Cymbiola perplicata, common name the reticulated volute, is a species of sea snail, a marine gastropod mollusk in the family Volutidae, the volutes.

- Subspecies
- Cymbiola perplicata lihouensis Poppe & Tagaro, 2020
- Cymbiola perplicata mattiskei Poppe & Tagaro, 2020
- Cymbiola perplicata perplicata (Hedley, 1902)
- Cymbiola perplicata ronmoylani Poppe & Tagaro, 2020

==Description==
The length of the shell attains 75 mm, its diameter 32 mm.

(Original description) The shell is broadly fusiform, concave beneath the suture, distinctly angled at the shoulder, and gradually tapering toward the base. It is solid and glossy in texture. Its coloration consists of a white ground marked with numerous, well-spaced, narrow, undulating longitudinal orange lines. Beneath the shoulder and around the periphery, faint, broad, and suffused spiral bands of the same orange hue are visible.

The sculpture consists of about nine longitudinal ribs, which arise gradually near the center of each whorl, enlarge rapidly, and terminate abruptly in blunt tubercles at the shoulder. On the upper whorls, these tubercles persist, becoming finer and more closely set as they merge into the ribbing of the apex. A distinct basal funicle is present, interrupting the color pattern and entering the aperture between the third and fourth fold.
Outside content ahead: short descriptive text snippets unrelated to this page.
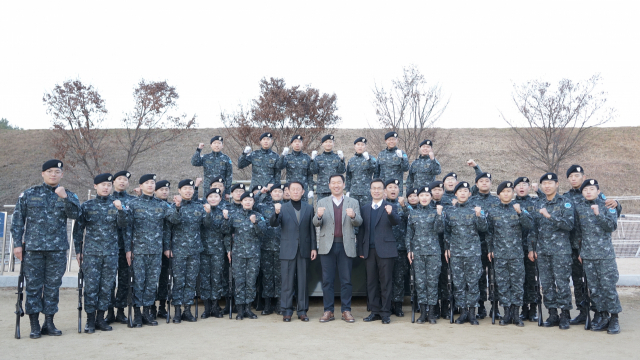 경운대 군사학과 5기 졸업생들이 전원 장교 임관을 확정, 화이팅을 다짐하고 있다. 경운대 제공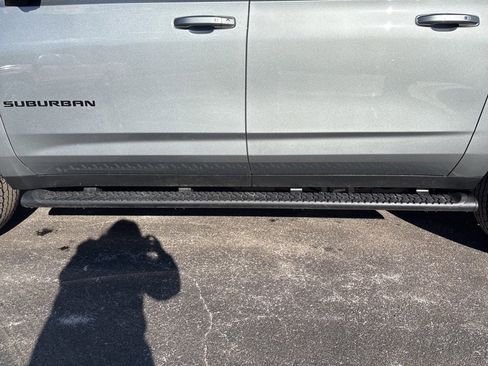 New 2026 Chevrolet Suburban Z71 w/ Comfort Package image 10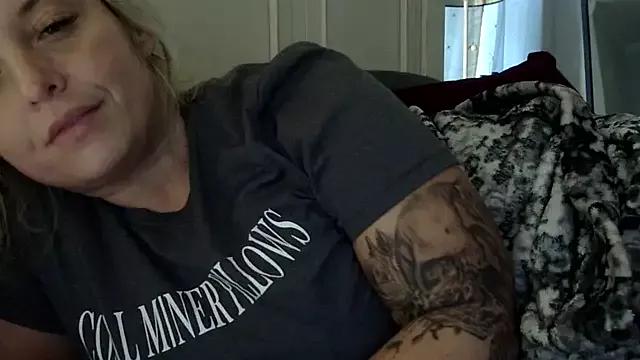 JennaLynn785 from StripChat is Freechat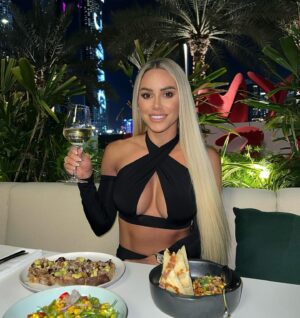 Vanessa Mariposa Instagram - cheers to life 🍸✨

Manchmal muss man sehr, sehr viele negative Dinge überstehen, damit man das positive im Leben zu schätzen weiß.. 2022 & 2023 waren keine schönen Jahren für mich, dafür bin ich jetzt überglücklich und fühle mich endlich angekommen 🖤

anzeige 
______
#vanessamariposa #vanessamariposafitness #nightout #downtown #businessbaydubai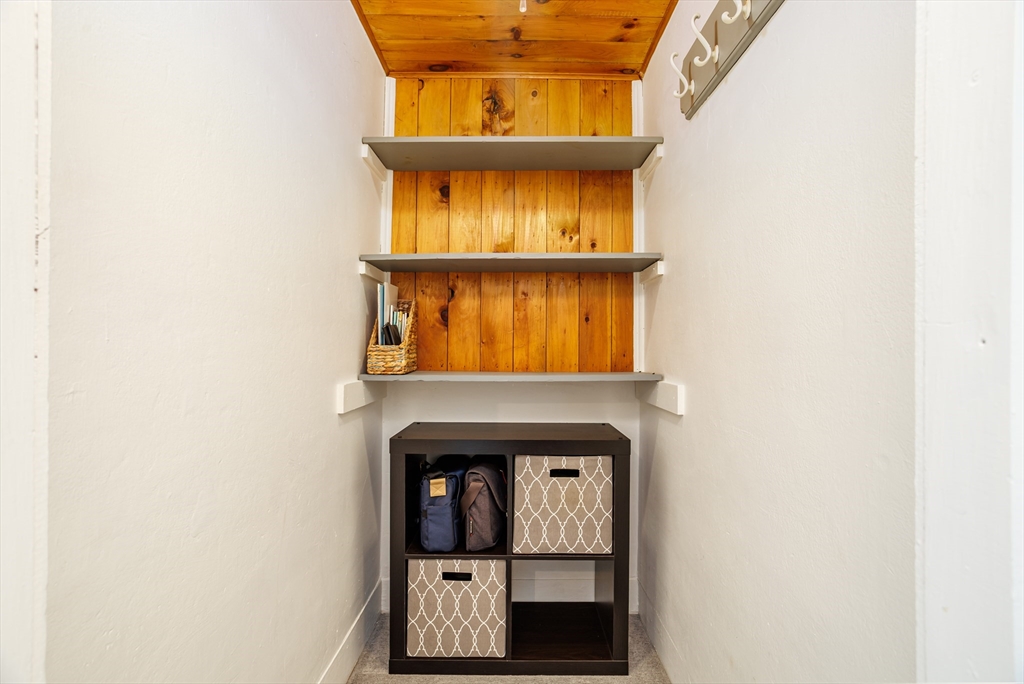 176 Hall St Property Photo 37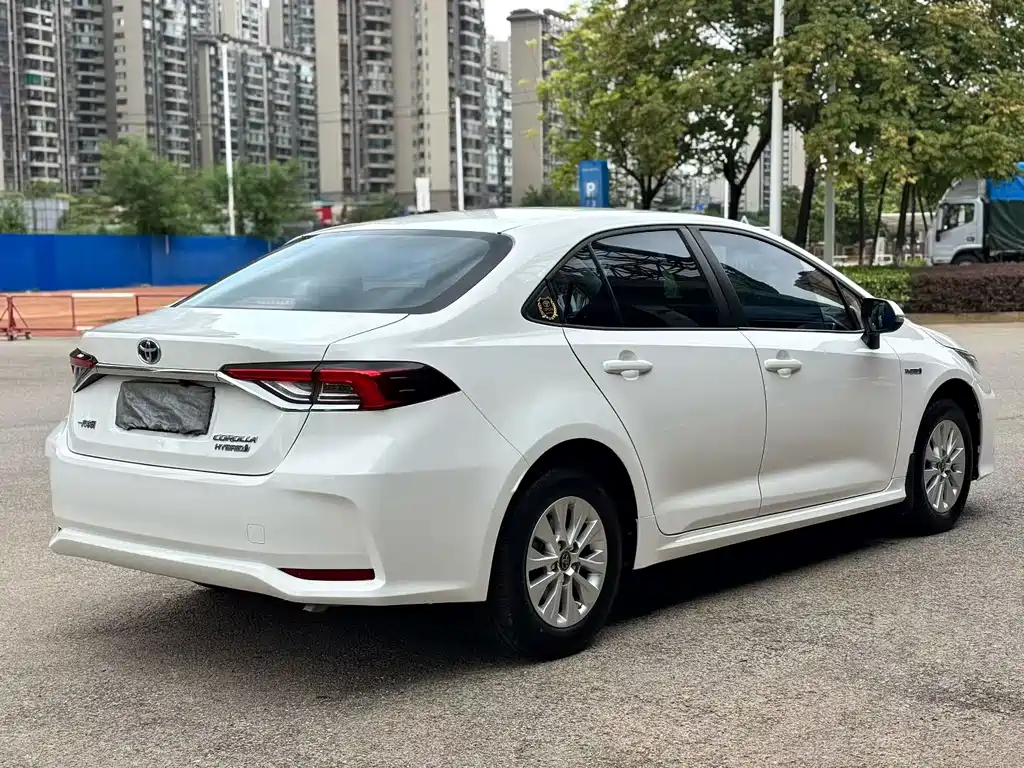 Toyota Corolla — миниатюра 7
The shell consists of six whorls, three of which are apical. The apical whorls are oblique to the main axis, causing the first adult whorl to appear more immersed on one side. The aperture is narrow, and the columella bears six plications; the uppermost is doubled in one specimen, and the folds become progressively smaller and more transverse toward the top.

==Distribution==
This marine species is endemic to Australia and occurs in the Coral Sea and off Queensland.